> Exercise
In your copy, leave out the pictures and reproduce the listing below exactly.
+++ Input data
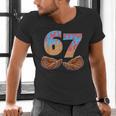 Baseball Drip Number 67 Player Six Seven Meme Men's V-Neck T-Shirt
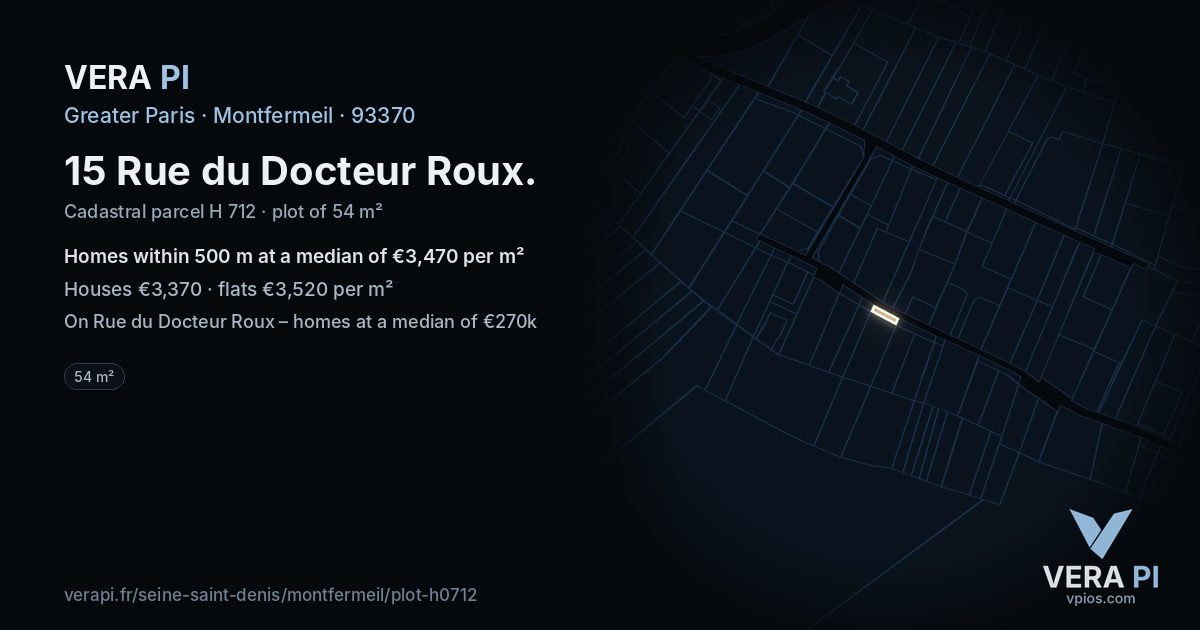 15 Rue du Docteur Roux, Montfermeil at night – the plot lit, the parcels around coloured by the prices near them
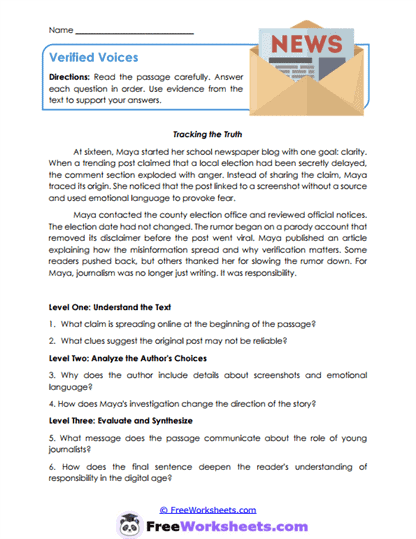 Verified Voices Worksheet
++++++
> Answer space
 Baseball Drip Number 67 Player Six Seven Meme Men's V-Neck T-Shirt
 15 Rue du Docteur Roux, Montfermeil at night – the plot lit, the parcels around coloured by the prices near them
 Verified Voices Worksheet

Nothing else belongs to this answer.